Print, exactly and with no pictures, the line containing "Release date for Ant-man and the Wasp" and each line after it to the end of the entries below.
=== Source material ===
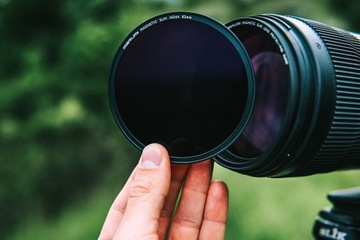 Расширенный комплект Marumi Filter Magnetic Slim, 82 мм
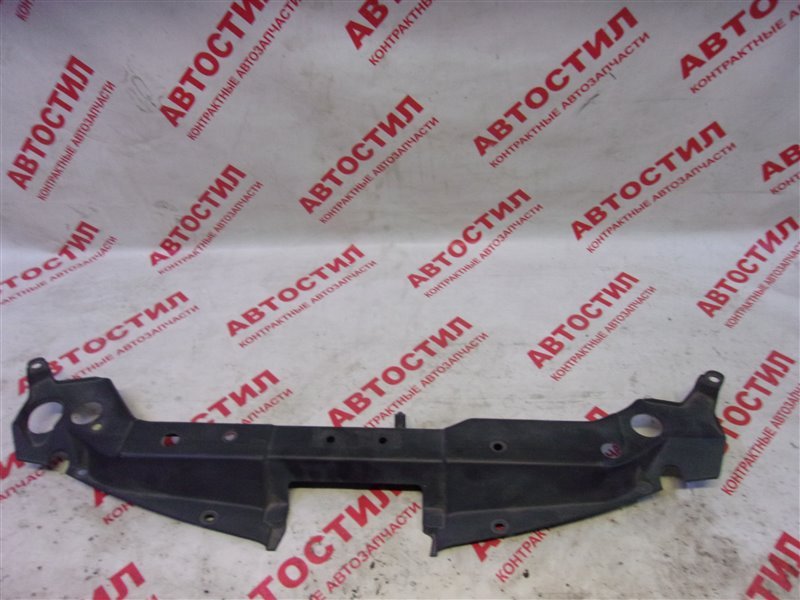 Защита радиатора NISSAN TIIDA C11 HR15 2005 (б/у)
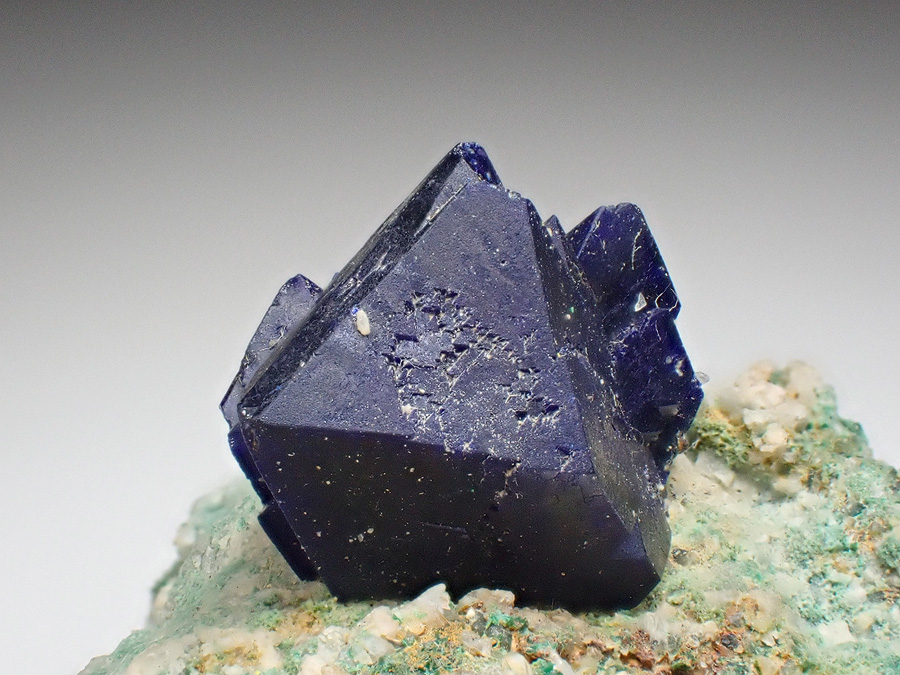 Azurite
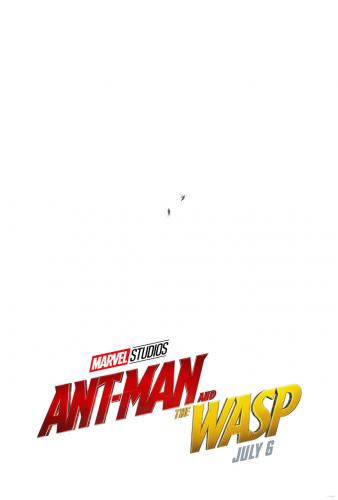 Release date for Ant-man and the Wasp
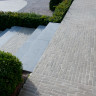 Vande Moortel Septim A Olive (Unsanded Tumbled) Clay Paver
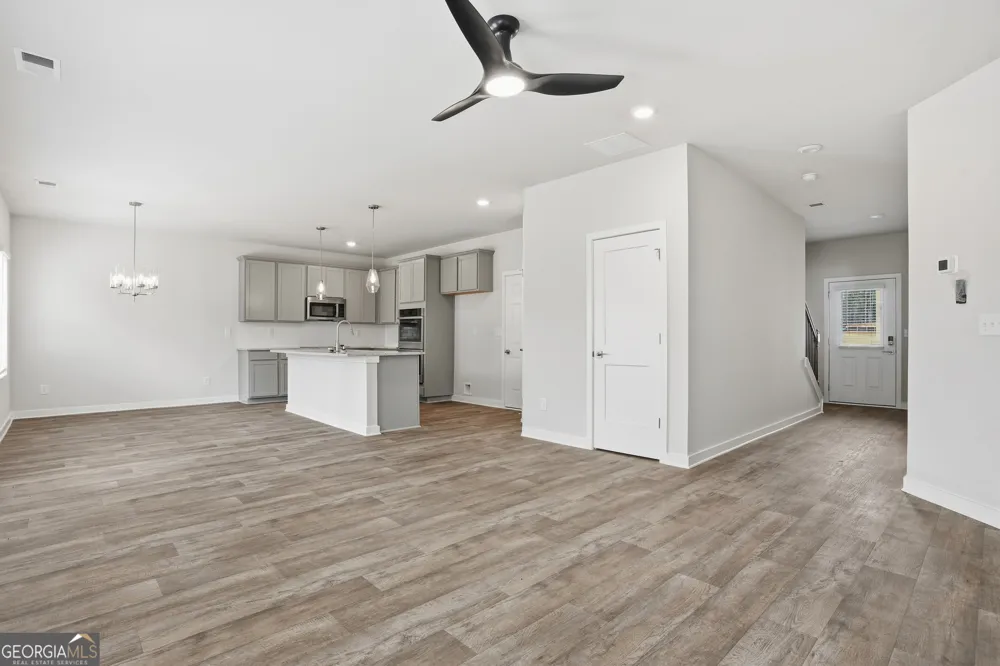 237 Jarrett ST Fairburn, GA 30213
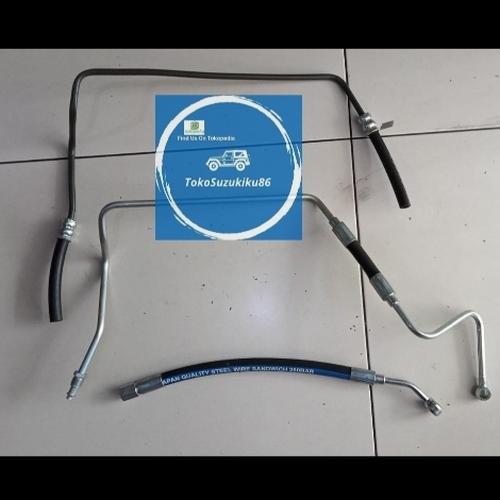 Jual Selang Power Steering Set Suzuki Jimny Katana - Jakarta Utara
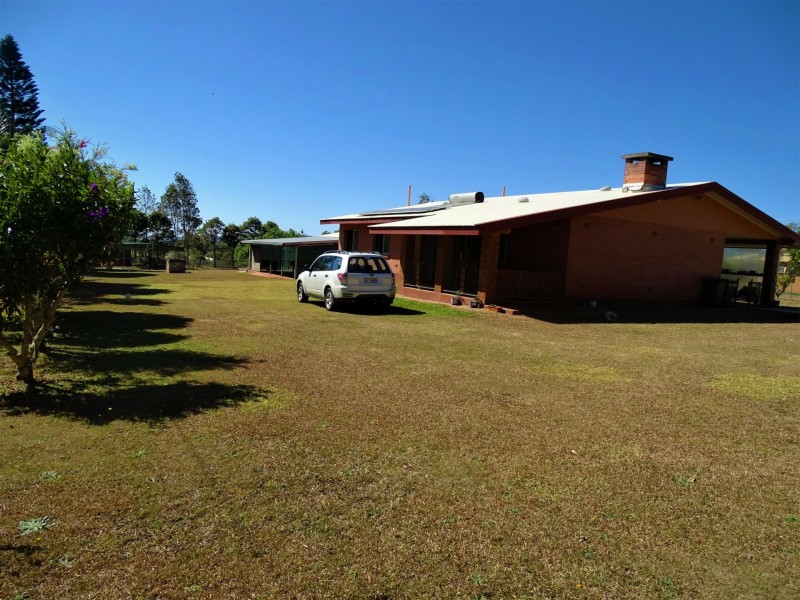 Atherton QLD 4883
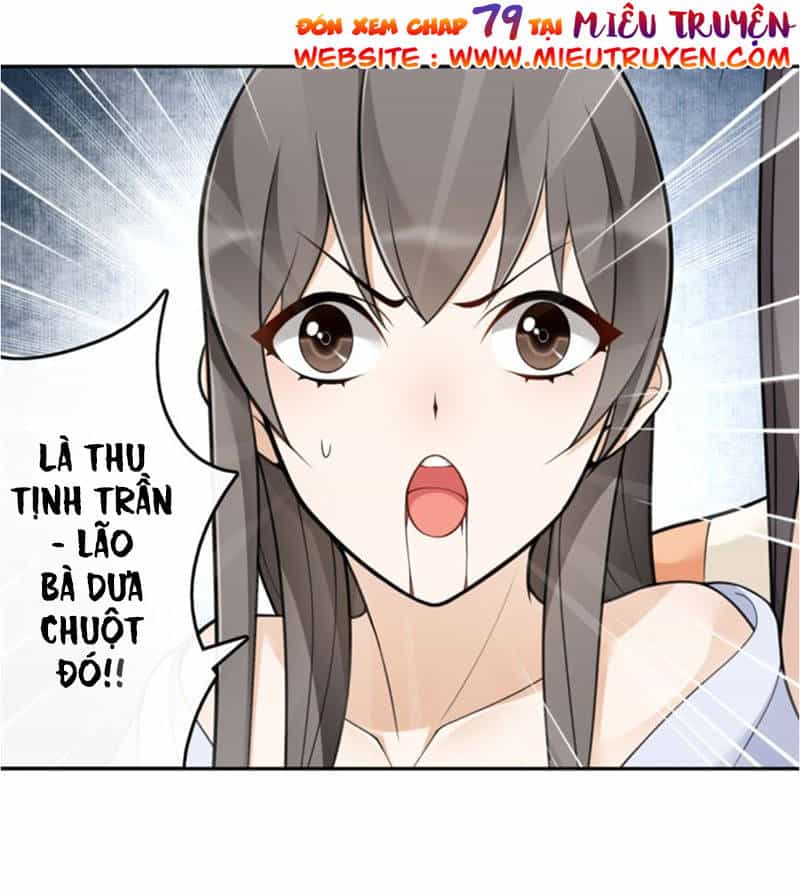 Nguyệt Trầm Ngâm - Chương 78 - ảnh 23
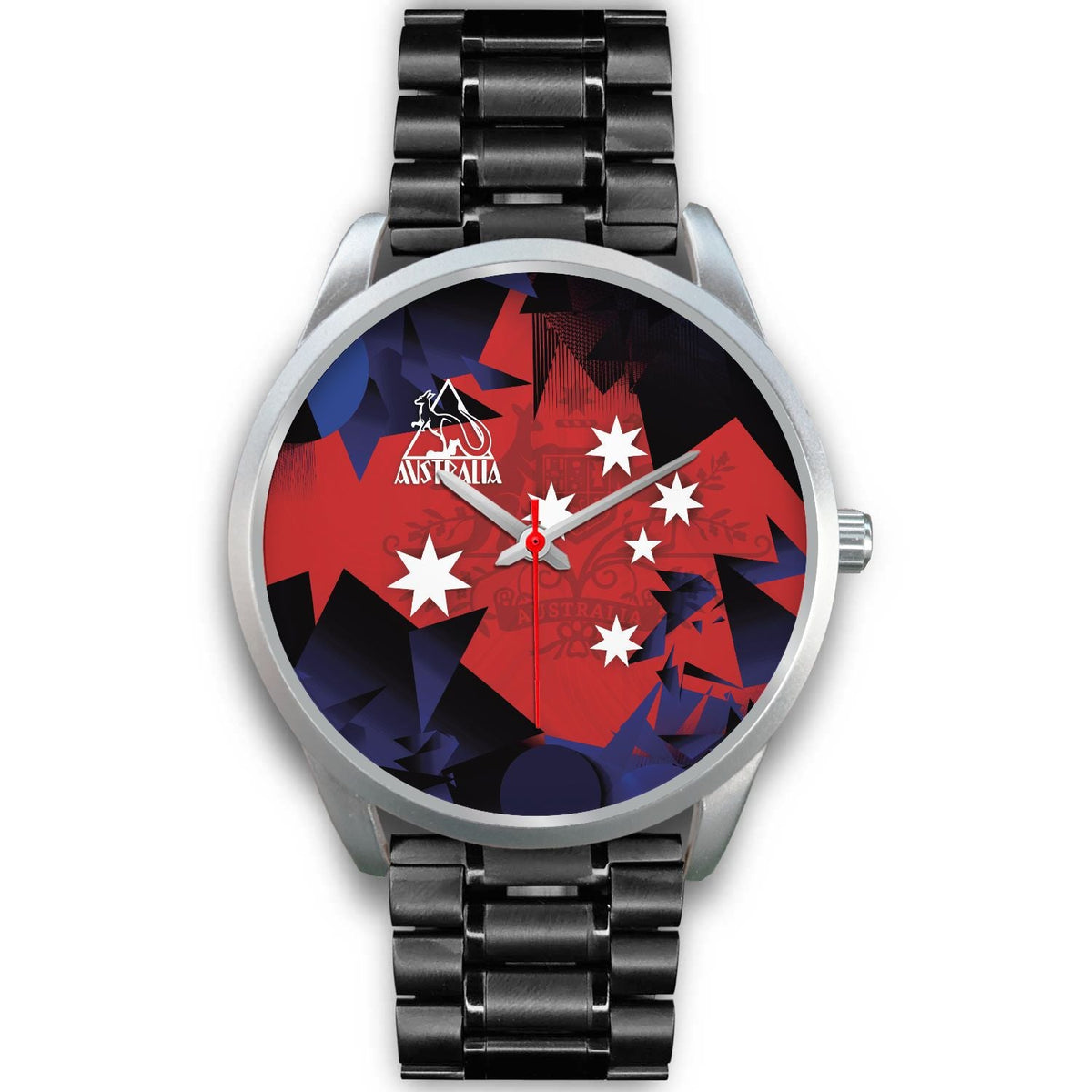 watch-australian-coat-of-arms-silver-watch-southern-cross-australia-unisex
===
● Response to the task
 Release date for Ant-man and the Wasp
 Vande Moortel Septim A Olive (Unsanded Tumbled) Clay Paver
 237 Jarrett ST Fairburn, GA 30213
 Jual Selang Power Steering Set Suzuki Jimny Katana - Jakarta Utara
 Atherton QLD 4883
 Nguyệt Trầm Ngâm - Chương 78 - ảnh 23
 watch-australian-coat-of-arms-silver-watch-southern-cross-australia-unisex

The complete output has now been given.